Leave It Right Here has lovely vintage rhodes lines in the epicentre, a funky synth bass line and a beat which has a classic drum machine feeling. Add to this Survibers’ intriguing songwriting and expressive vocals and you have an immersive, indie electronic experience. Read our discussion with the collective below!
Describe your sound in 3 words
Space time harmonies.
Tell us a few things about Leave It Right Here. What is the main idea behind it?
Katrina: The first couple of lines “Fall In, Line Up, Take Your Soul Out and Leave It Right Here With Me” is like this cold and tempting but soothing voice in your head saying it’s OK, just get on with it and do whatever you have to do to be successful, even if it feels wrong. I think that living through the human condition I’ve felt like that at some point, even if it was for a split second. So I suppose the song, to me, is about the struggle of conforming in this modern world which is powered by image and status, what society may expect of you and the conflict of keeping to your principals.
It is musically influenced by Donald Fagen & Steely Dan with a bit of the Crusaders and Bob James but with a more modern feel.
You are UK based. What do you love/hate about the UK?
Franny: I hope I can say I hate that Britain has left the EU. Brexit has been such a colossal waste of man power and the time could really have been used to make better things happen than a divisive political stunt.
Katrina and I spend quite a lot of time in Slovenia and you miss certain things like good bacon and fish n chips! We’ve got some good friends as well that we couldn’t find anywhere else.
What is the biggest challenge being a music trio?
Aniff: Maintaining that harmonious balance that allows one another to all contribute and also helping to keep one’s spirits up as this music industry can be brutal. And finally, ensuring that we each try to do equal amounts of work so we don’t lapse into allowing someone to do more of the lifting.
You are ex Berklee students. Is songwriting a talent or a skill?
Franny: It’s both. Some people are born to love and play music – they have a natural talent – Stevie Wonder springs to mind e.g. he has a born ability to write, sing and play just about anything to a superb level. Other songwriters are wordsmiths and have talent in that and develop talents on instruments. But then there are some folk who don’t have any aptitude for music at all and think they can learn it like a skill – but I don’t think you can learn songwriting without any talent to start with. You can’t lie in music – so you’ve got to have something to say.
Crafting a good song is a balance between an initial idea (usually musical for us, not lyrical) that sparks us, a lyrical framework, and then probably some music theory which applies to both lyrics and the music. We kind of treat that like a self edit. For example your talent can’t always finish the song alone and you have to fall back on things you’ve learned and absorbed over many years – lyric structure, compositional devices, key changes, metric modulation.
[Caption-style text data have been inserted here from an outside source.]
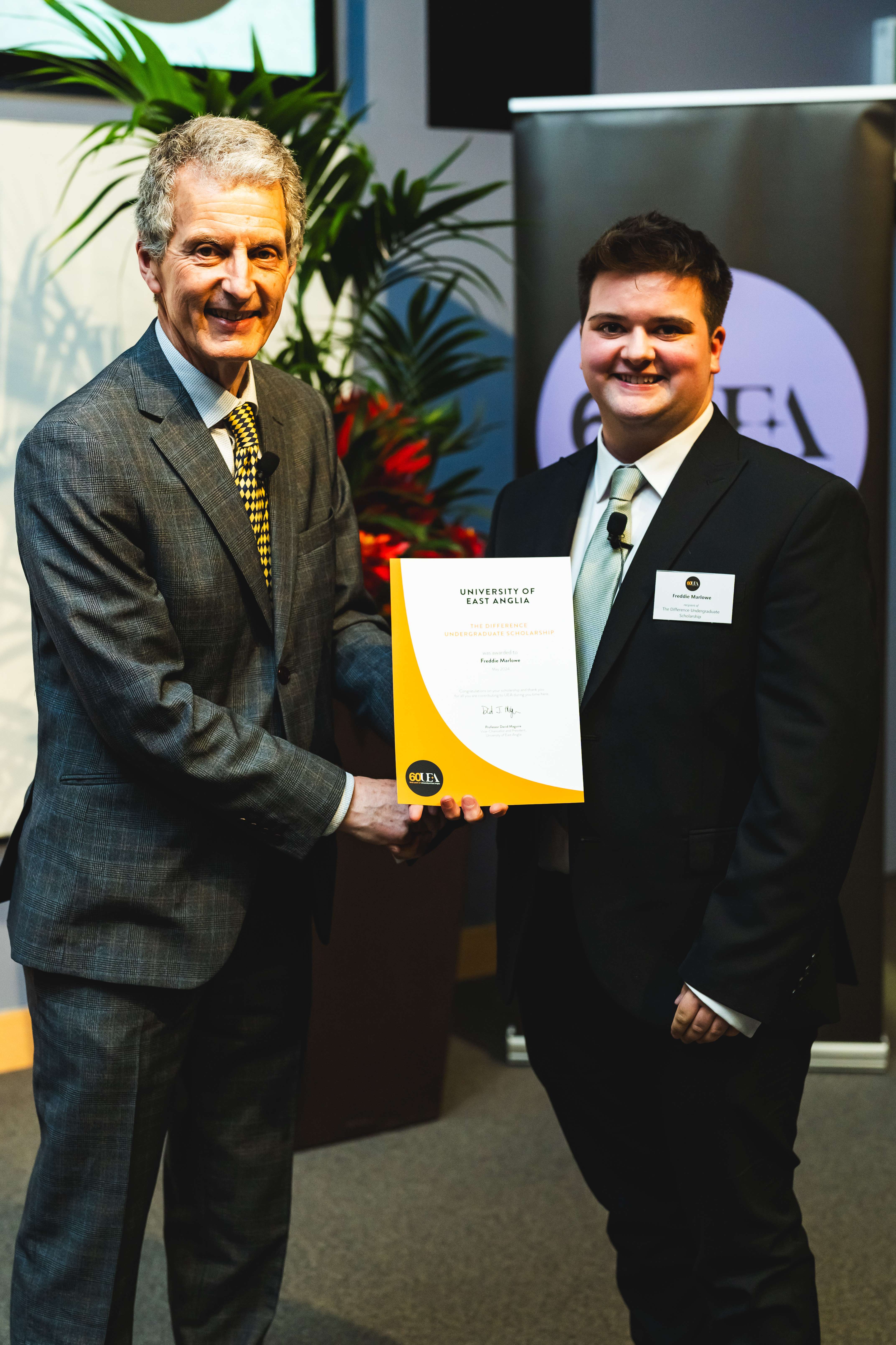 Freddie and UEA Vice-Chancellor and President Professor David Maguire shake hands at UEA's 60th Anniversary Scholarship Reception, both smiling as they celebrate the event.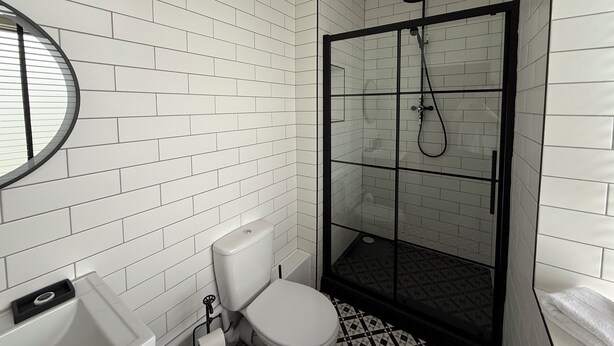 A bathroom with white subway tiles, a toilet, a glass-enclosed shower, and a round mirror.
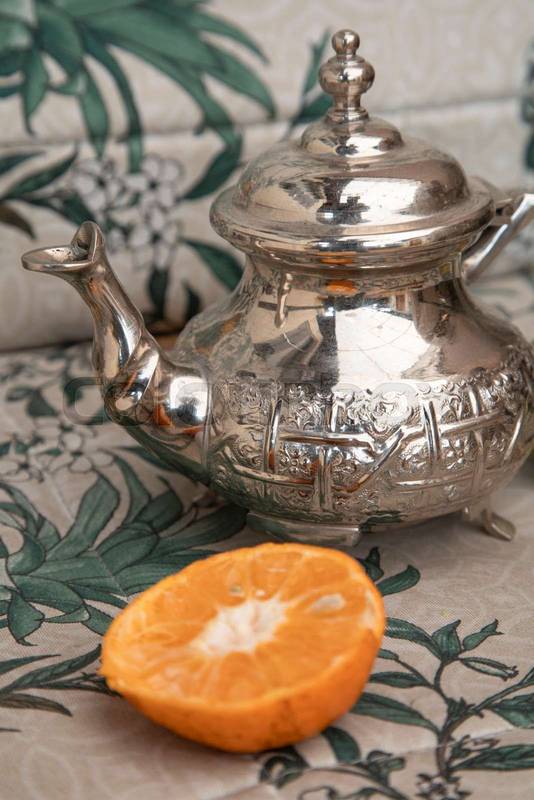 kitchen objects traditional metal teapot next to an orange slice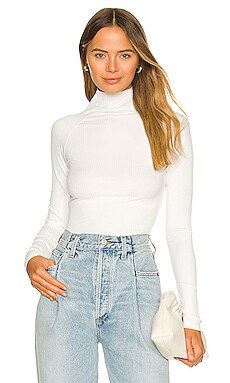 Enza Costa Viscose Rib Twist Back Long Sleeve Turtleneck in Unbleached from Revolve.com | Revolve Clothing (Global)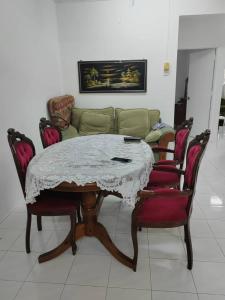 De' Aman Homestay في جيترا: طاولة مع كراسي وأريكة في الغرفة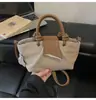 Bolso de mano con estampado de lichi de moda transfronterizo para mujer, nuevo y elegante bolso cubo vintage, bolso de hombro y bandolera de moda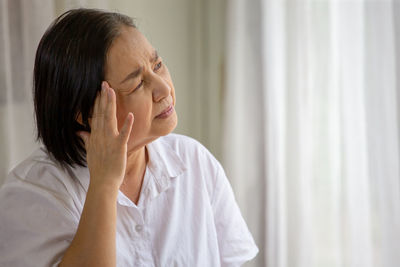 Portrait of beautiful woman with eyes closed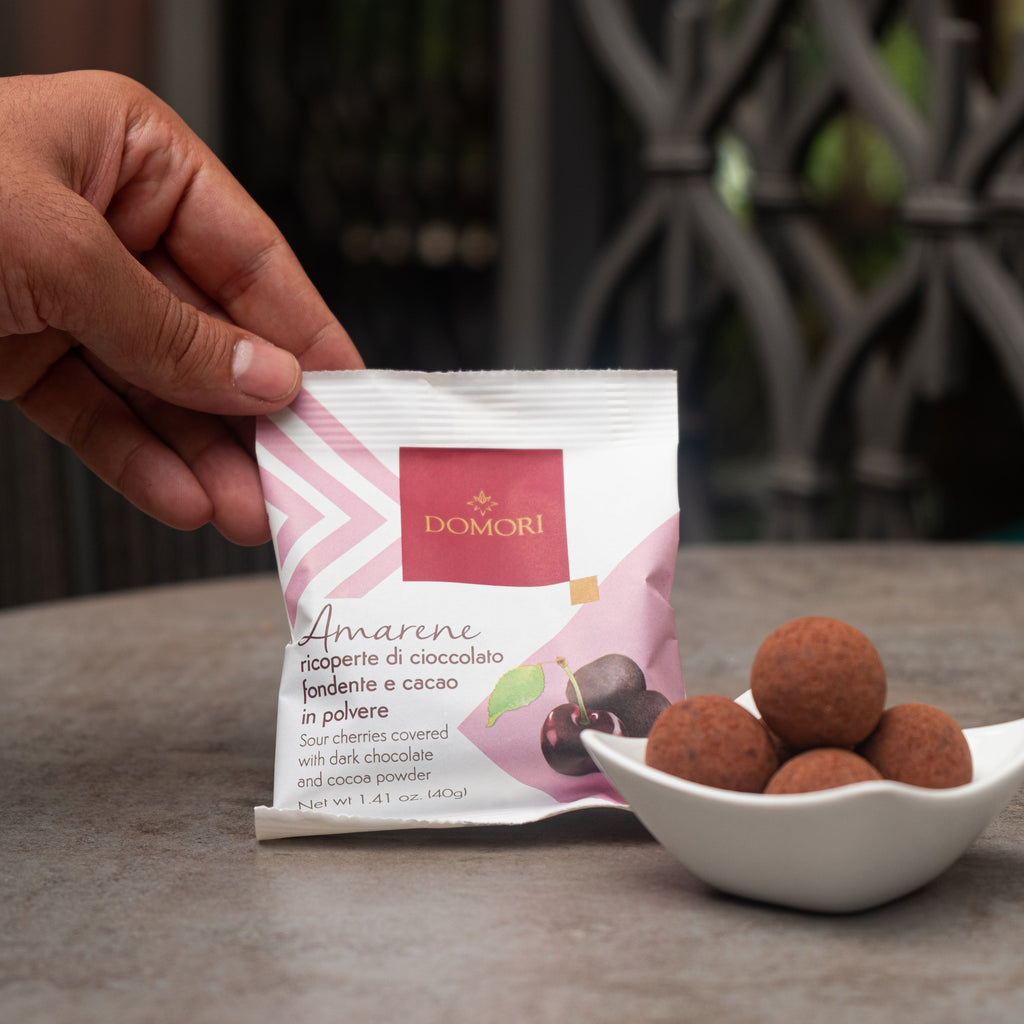 Domori Dragees: pink white bag of amarene cherries in dark chocolate cocoa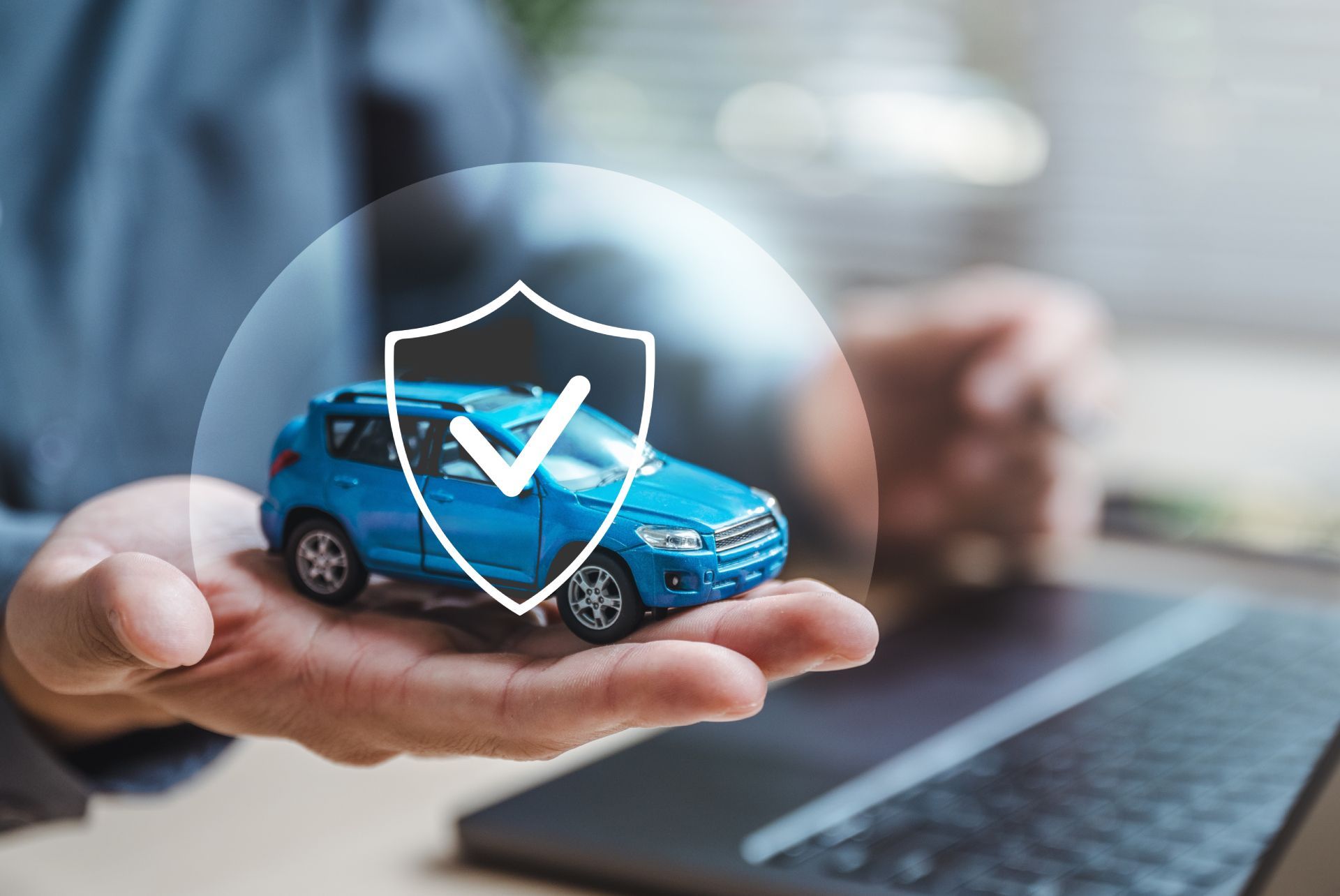 Hand holding a blue toy car under a shield icon, with a laptop in the background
We do think about these things.
Favorite album of the past year?
Franny: We’ll all have differing answers for that but mine is – Street Dreams Lyle Mays
What is the story behind your name?
Aniff: Survibers is derived from trying to protect those moments in the creation of music that excites us hence the “vibe survives”. In addition it does have political connotations which are too deep and too dark to go into at this moment in time.